How pleased we all were! I whispered to Vera: “You see! They do care! Their hearts are touched. We can do anything with them now!”

Even Uncle Ivan was moved, and murmured to himself “Poor Belgium! Poor Belgium!”

How delighted, too, were the gentlemen on the platform. Smiling, they whispered to one another, and I saw several shake hands. A great moment. The little Consul bowed finally and sat down.

Never shall I forget the applause that followed. Like one man the thousands shouted, tears raining down their cheeks, shaking hands, even embracing! A vast movement, as though the wind had caught them and driven them forward, rose, lifted them, so that they swayed like bending corn towards the platform, for an instant we were all caught up together. There was one great cry: “Belgium!”

The sound rose, fell, sunk into a muttering whisper, died to give way to the breathless attention that awaited the next speaker.

I whispered to Vera: “I shall never forget that. I’m going to leave on that. It’s good enough for me.”

“Yes,” she said, “we’ll go.”

“What a pity,” whispered Uncle Ivan, “that they didn’t understand what they were shouting about.”

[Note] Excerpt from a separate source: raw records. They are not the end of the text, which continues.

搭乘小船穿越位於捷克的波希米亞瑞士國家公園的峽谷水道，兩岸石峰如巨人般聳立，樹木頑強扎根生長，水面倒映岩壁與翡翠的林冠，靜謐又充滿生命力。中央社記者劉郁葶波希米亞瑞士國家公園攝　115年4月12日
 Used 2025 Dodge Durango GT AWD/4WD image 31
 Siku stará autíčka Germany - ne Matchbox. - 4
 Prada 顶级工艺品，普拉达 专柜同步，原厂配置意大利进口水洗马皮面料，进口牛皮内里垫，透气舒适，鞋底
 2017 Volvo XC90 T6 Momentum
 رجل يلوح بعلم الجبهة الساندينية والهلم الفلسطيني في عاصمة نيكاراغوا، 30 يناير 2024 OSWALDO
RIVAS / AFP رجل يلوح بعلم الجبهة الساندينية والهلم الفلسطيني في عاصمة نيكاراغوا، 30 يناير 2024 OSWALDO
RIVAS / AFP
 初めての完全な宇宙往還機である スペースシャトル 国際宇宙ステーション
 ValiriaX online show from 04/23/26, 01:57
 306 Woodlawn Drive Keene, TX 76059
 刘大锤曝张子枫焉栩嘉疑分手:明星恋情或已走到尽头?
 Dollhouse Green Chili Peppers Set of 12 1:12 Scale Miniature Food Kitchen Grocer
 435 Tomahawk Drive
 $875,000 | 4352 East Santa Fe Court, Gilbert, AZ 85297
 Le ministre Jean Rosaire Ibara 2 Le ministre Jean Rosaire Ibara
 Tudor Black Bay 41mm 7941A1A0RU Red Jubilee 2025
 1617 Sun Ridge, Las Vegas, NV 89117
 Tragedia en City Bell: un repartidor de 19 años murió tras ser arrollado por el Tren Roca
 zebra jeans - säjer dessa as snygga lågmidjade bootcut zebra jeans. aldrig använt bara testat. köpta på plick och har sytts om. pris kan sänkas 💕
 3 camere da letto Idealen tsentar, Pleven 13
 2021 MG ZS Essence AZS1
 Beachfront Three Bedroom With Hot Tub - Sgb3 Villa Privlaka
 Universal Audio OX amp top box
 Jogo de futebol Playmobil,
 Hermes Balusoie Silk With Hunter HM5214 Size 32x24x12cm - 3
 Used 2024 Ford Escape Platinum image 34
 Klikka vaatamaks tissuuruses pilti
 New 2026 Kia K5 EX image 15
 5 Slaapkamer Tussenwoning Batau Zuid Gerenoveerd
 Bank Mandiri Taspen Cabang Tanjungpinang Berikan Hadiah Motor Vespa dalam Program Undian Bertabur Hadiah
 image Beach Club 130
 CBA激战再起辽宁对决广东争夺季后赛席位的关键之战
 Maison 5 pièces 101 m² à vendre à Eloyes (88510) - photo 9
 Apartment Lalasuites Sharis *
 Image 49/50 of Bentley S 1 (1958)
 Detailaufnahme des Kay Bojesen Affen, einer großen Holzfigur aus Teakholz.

We slipped out behind the platform; turned down the dark long passage, hearing the new speaker’s voice like a bell ringing beyond thick walls, and found our way into the open.

The evening was wonderfully fresh and clear. The Neva lay before us like a blue scarf, and the air faded into colourless beauty above the dark purple of the towers and domes. Vera caught my arm: “Look!” she whispered. “There’s Boris!” I knew that she had on several occasions tried to force her way into his flat, that she had written every day to Nina (letters as it afterwards appeared, that Boris kept from her). I was afraid that she would do something violent.